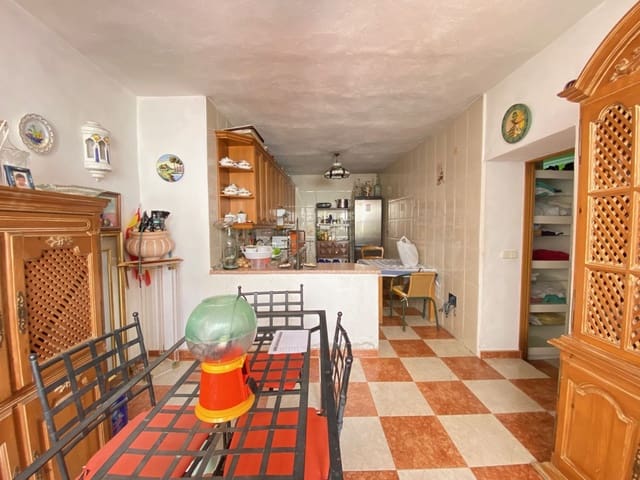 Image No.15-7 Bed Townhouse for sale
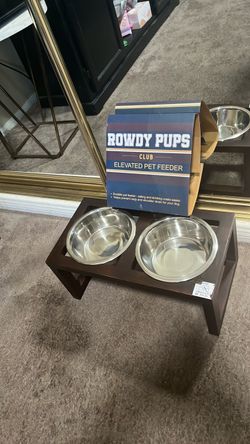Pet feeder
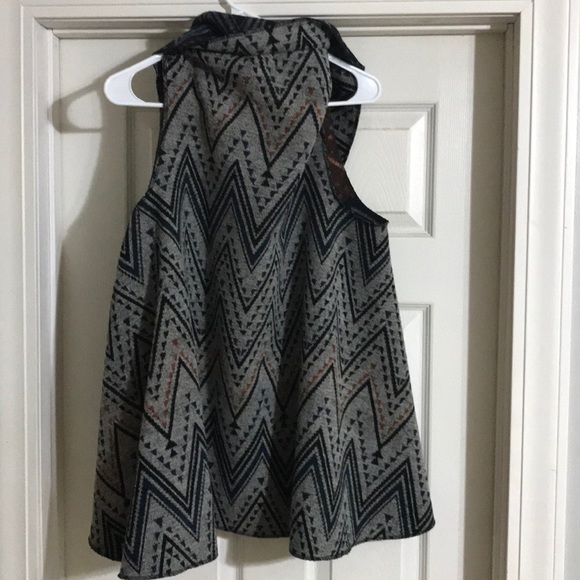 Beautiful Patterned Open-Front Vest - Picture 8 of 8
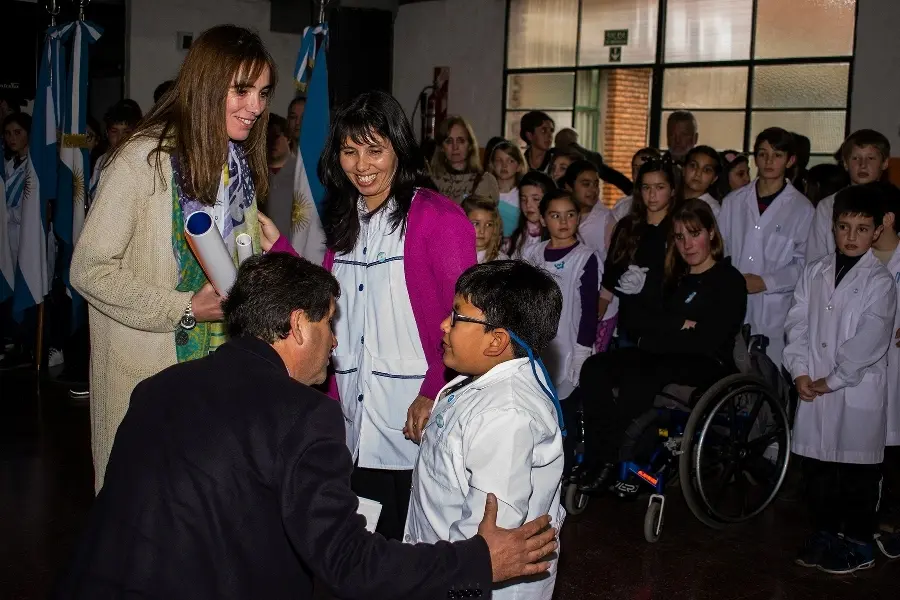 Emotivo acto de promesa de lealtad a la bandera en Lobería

» **Task item**: Return all of the material above unchanged, minus its pictures.

» **Output for this exercise**:
 Image No.15-7 Bed Townhouse for sale
Pet feeder
 Beautiful Patterned Open-Front Vest - Picture 8 of 8
 Emotivo acto de promesa de lealtad a la bandera en Lobería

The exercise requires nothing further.